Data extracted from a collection
────────────────

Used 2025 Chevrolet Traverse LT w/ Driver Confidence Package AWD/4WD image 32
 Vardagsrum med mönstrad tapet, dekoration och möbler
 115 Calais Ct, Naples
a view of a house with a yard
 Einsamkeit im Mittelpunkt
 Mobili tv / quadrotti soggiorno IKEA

────────────────

__Exercise__.
Take the entries above and repeat them. Alter nothing.

__Your response__.
Used 2025 Chevrolet Traverse LT w/ Driver Confidence Package AWD/4WD image 32
 Vardagsrum med mönstrad tapet, dekoration och möbler
 115 Calais Ct, Naples
a view of a house with a yard
 Einsamkeit im Mittelpunkt
 Mobili tv / quadrotti soggiorno IKEA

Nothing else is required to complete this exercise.